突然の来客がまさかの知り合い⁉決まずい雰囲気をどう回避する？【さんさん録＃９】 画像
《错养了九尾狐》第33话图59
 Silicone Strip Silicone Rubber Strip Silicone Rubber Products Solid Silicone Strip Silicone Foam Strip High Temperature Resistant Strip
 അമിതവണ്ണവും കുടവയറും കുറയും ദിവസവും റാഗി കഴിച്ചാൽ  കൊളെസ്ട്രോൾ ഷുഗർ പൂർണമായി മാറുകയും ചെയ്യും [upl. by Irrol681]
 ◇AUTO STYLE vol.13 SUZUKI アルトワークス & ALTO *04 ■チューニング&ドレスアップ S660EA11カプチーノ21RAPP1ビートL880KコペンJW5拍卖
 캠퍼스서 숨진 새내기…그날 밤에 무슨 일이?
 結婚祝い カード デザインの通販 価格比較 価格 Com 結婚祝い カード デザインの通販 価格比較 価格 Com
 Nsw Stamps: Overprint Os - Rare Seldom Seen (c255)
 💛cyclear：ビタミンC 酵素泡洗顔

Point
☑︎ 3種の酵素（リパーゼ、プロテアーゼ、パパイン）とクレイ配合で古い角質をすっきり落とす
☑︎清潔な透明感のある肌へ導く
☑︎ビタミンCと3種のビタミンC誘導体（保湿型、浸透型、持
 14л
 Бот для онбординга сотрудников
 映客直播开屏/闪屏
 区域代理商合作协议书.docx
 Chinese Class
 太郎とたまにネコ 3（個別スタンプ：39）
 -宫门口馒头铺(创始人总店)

******************************

:: Your goal ::
Repeat each of the entries above precisely as given.

:: Response to the exercise ::
突然の来客がまさかの知り合い⁉決まずい雰囲気をどう回避する？【さんさん録＃９】 画像
《错养了九尾狐》第33话图59
 Silicone Strip Silicone Rubber Strip Silicone Rubber Products Solid Silicone Strip Silicone Foam Strip High Temperature Resistant Strip
 അമിതവണ്ണവും കുടവയറും കുറയും ദിവസവും റാഗി കഴിച്ചാൽ  കൊളെസ്ട്രോൾ ഷുഗർ പൂർണമായി മാറുകയും ചെയ്യും [upl. by Irrol681]
 ◇AUTO STYLE vol.13 SUZUKI アルトワークス & ALTO *04 ■チューニング&ドレスアップ S660EA11カプチーノ21RAPP1ビートL880KコペンJW5拍卖
 캠퍼스서 숨진 새내기…그날 밤에 무슨 일이?
 結婚祝い カード デザインの通販 価格比較 価格 Com 結婚祝い カード デザインの通販 価格比較 価格 Com
 Nsw Stamps: Overprint Os - Rare Seldom Seen (c255)
 💛cyclear：ビタミンC 酵素泡洗顔

Point
☑︎ 3種の酵素（リパーゼ、プロテアーゼ、パパイン）とクレイ配合で古い角質をすっきり落とす
☑︎清潔な透明感のある肌へ導く
☑︎ビタミンCと3種のビタミンC誘導体（保湿型、浸透型、持
 14л
 Бот для онбординга сотрудников
 映客直播开屏/闪屏
 区域代理商合作协议书.docx
 Chinese Class
 太郎とたまにネコ 3（個別スタンプ：39）
 -宫门口馒头铺(创始人总店)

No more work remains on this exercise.